Brief descriptive captions

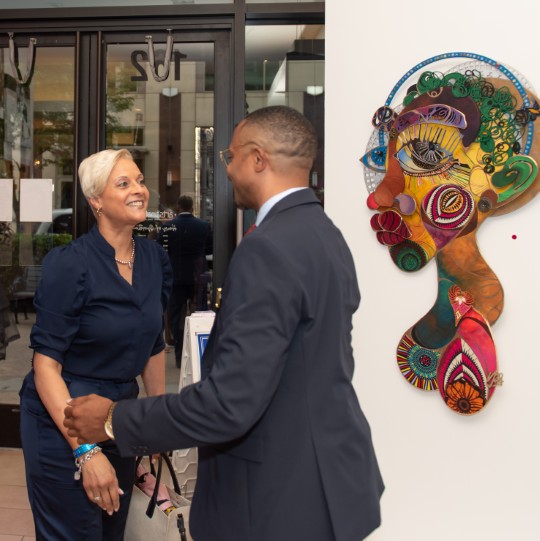 Welcome Reception photo 11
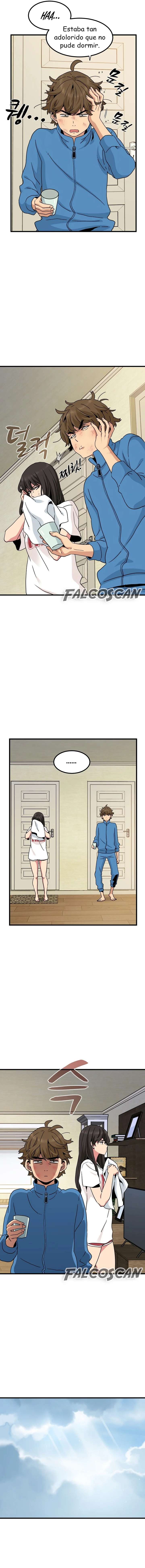 The turning point Capítulo 20 - Página 7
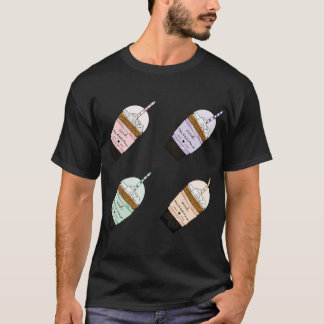 T-shirt Enfants errants ICED AMERICANO Joha Joha Coffee CU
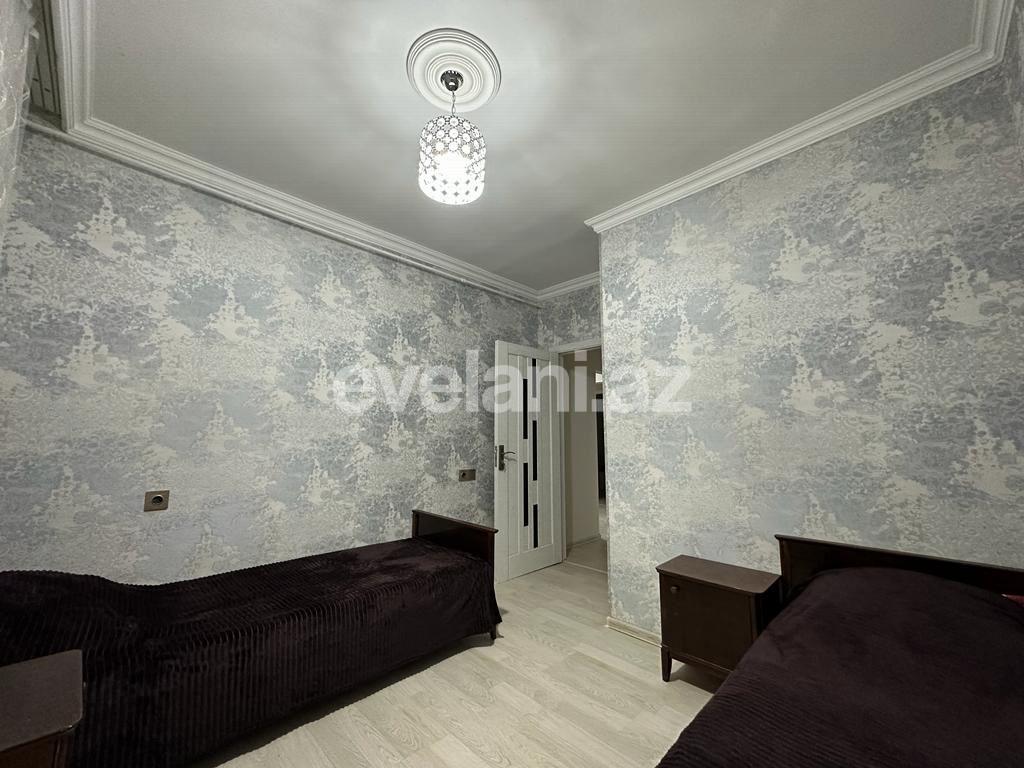 Sale, old building, 3 room, 85 m², Baku, Yasamal r, Elmlar Akademiyası m.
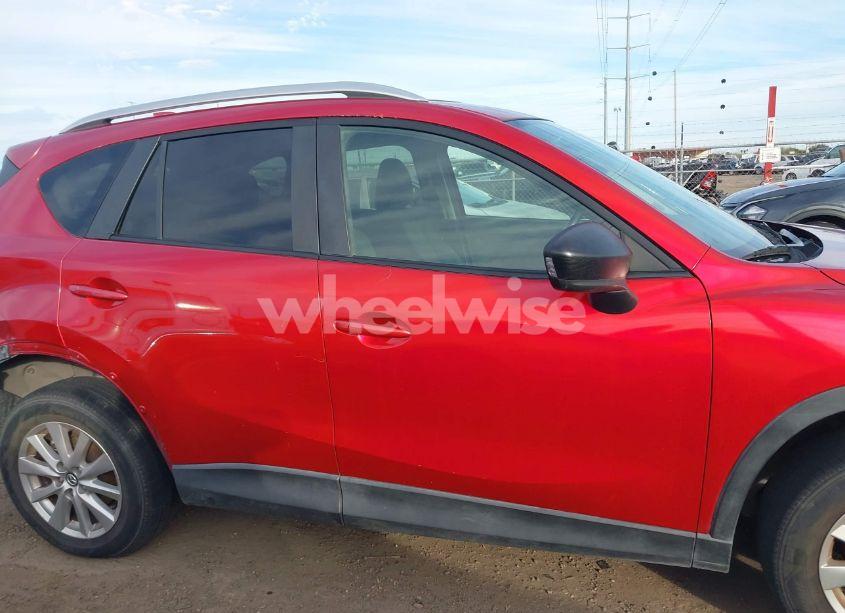 Photo 13 of 2014 Mazda Cx-5 TOURING (VIN JM3KE2CY6E0395520)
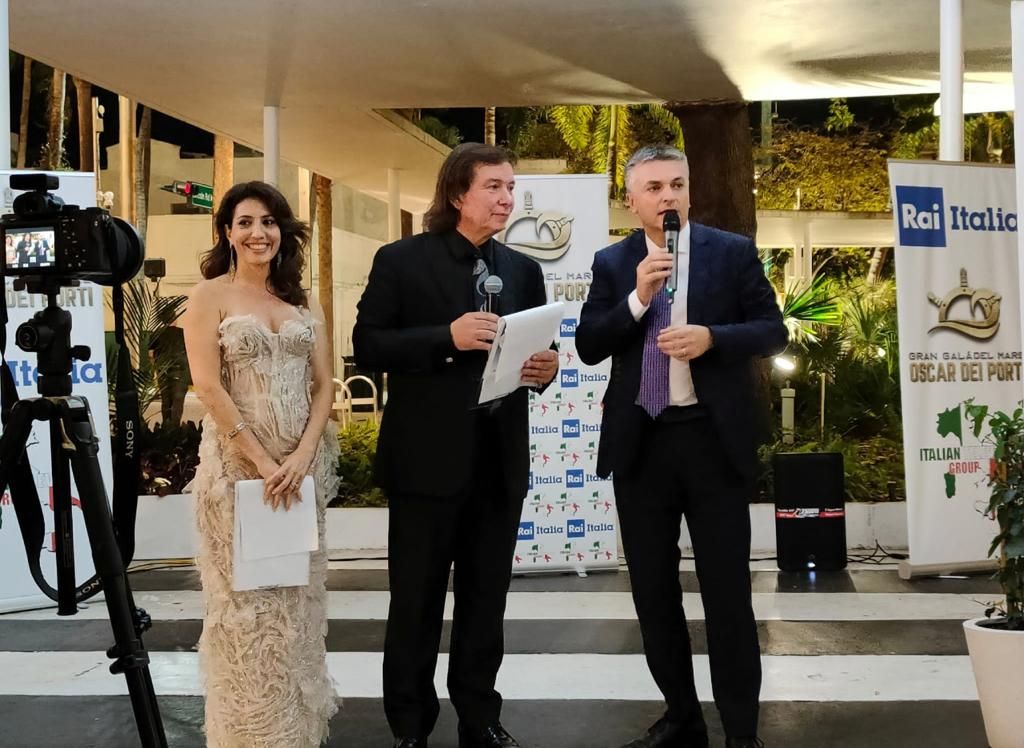 A Miami l’Oscar dei Porti rende omaggio al talento italiano nel mondo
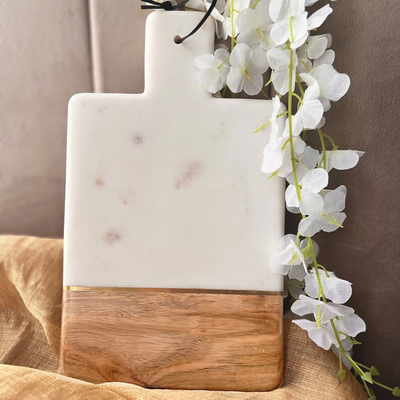 Marble Charcuterie Cheese Board, Unique Kitchen Gift, Custom Engraved, Housewarming, New Home, Wedding, Anniversary Gift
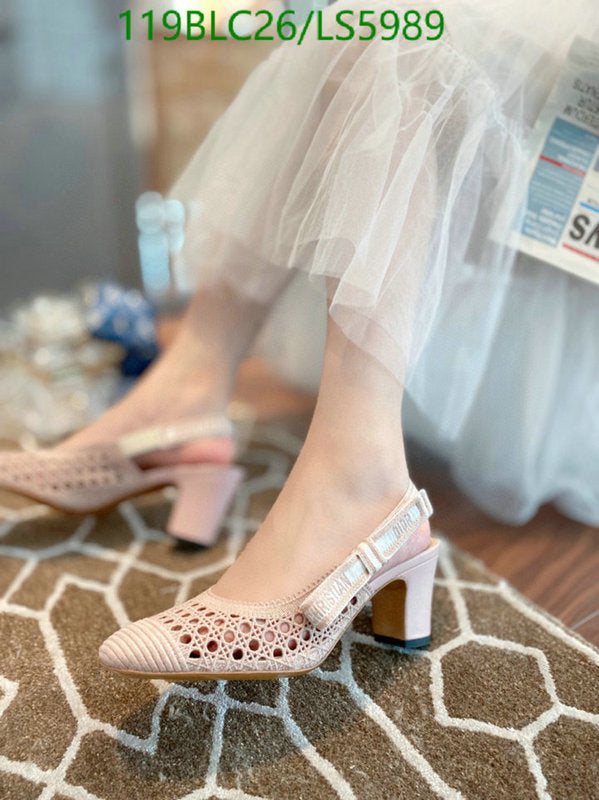 SAMCC - DOR Women Shoes - 1816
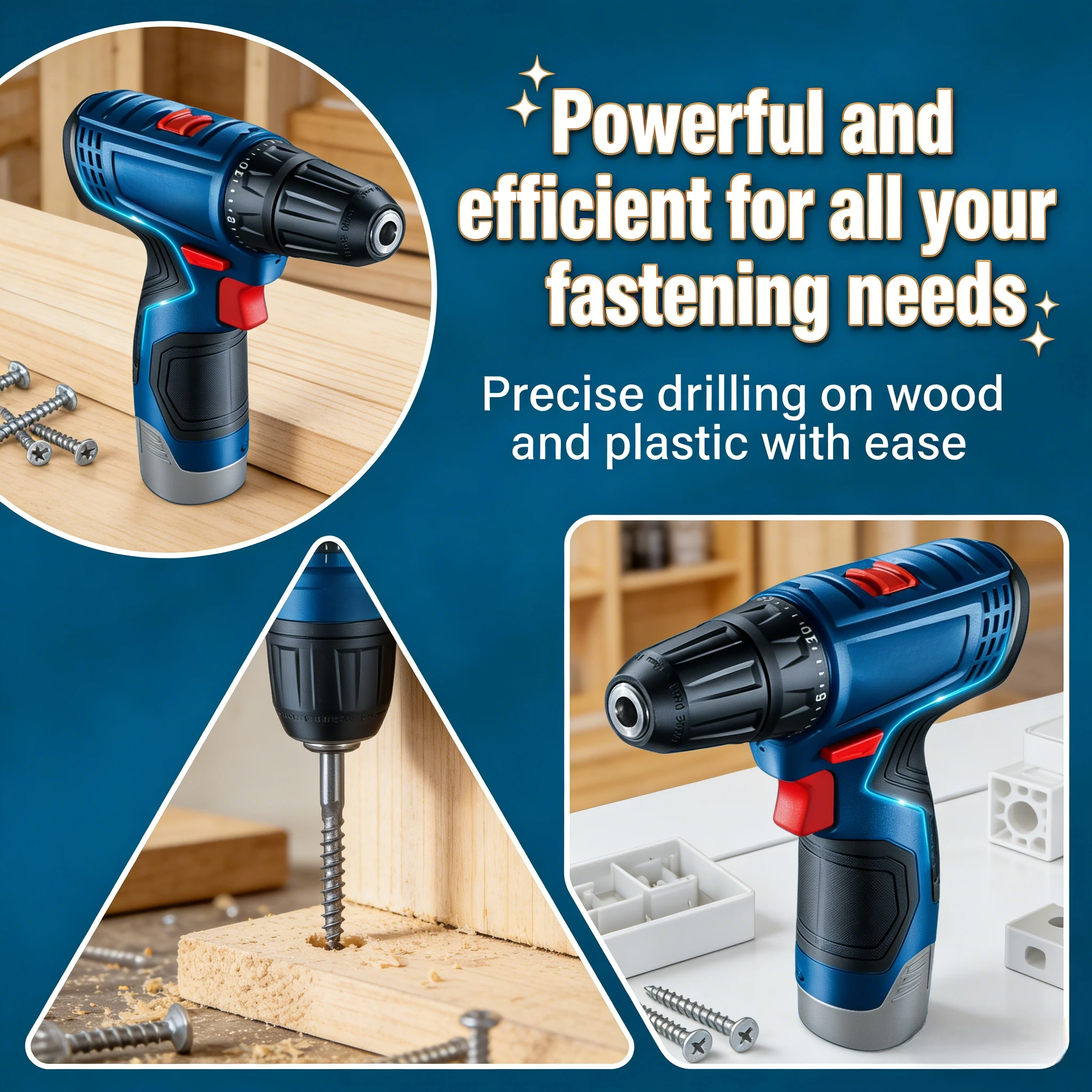 Tools Heavy Equipment - สว่านไฟฟ้า Bosch รุ่น GSR 120-LI 12V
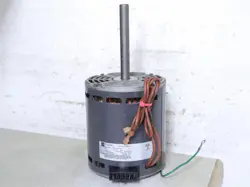 208-230V 1100RPM 4SPD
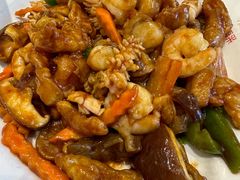 -添福来墨鱼饺子 · 海鲜东北菜(大连星海·黄浦路店)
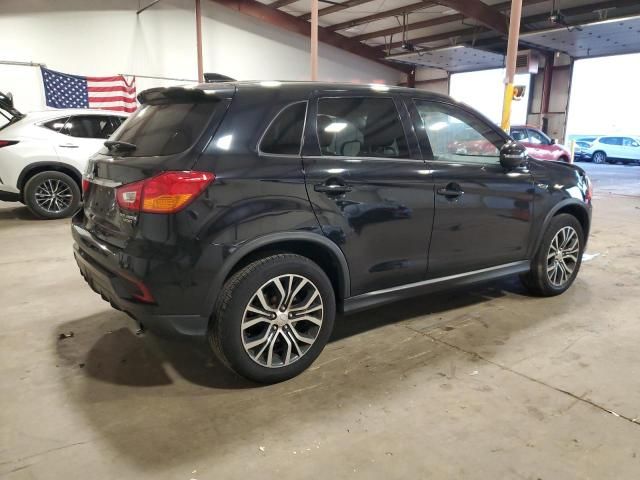 2019 Mitsubishi Outlander Sport ES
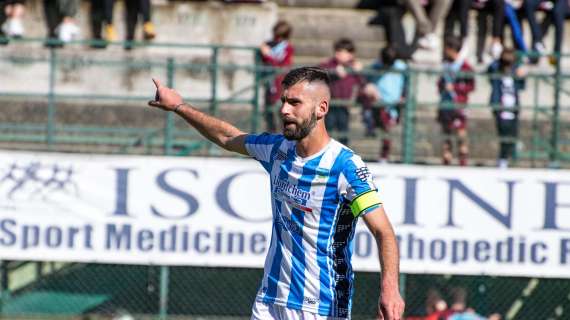UFFICIALE - Pineto, risolto il contratto con il difensore Nicolas Di Filippo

- WHAT NEEDS TO BE DONE -
Set down each record above exactly as it stands and leave out all pictures.

- EXPECTED ANSWER -
 Welcome Reception photo 11
 The turning point Capítulo 20 - Página 7
 T-shirt Enfants errants ICED AMERICANO Joha Joha Coffee CU
 Sale, old building, 3 room, 85 m², Baku, Yasamal r, Elmlar Akademiyası m.
 Photo 13 of 2014 Mazda Cx-5 TOURING (VIN JM3KE2CY6E0395520)
 A Miami l’Oscar dei Porti rende omaggio al talento italiano nel mondo
 Marble Charcuterie Cheese Board, Unique Kitchen Gift, Custom Engraved, Housewarming, New Home, Wedding, Anniversary Gift
 SAMCC - DOR Women Shoes - 1816
 Tools Heavy Equipment - สว่านไฟฟ้า Bosch รุ่น GSR 120-LI 12V
 208-230V 1100RPM 4SPD
 -添福来墨鱼饺子 · 海鲜东北菜(大连星海·黄浦路店)
 2019 Mitsubishi Outlander Sport ES
UFFICIALE - Pineto, risolto il contratto con il difensore Nicolas Di Filippo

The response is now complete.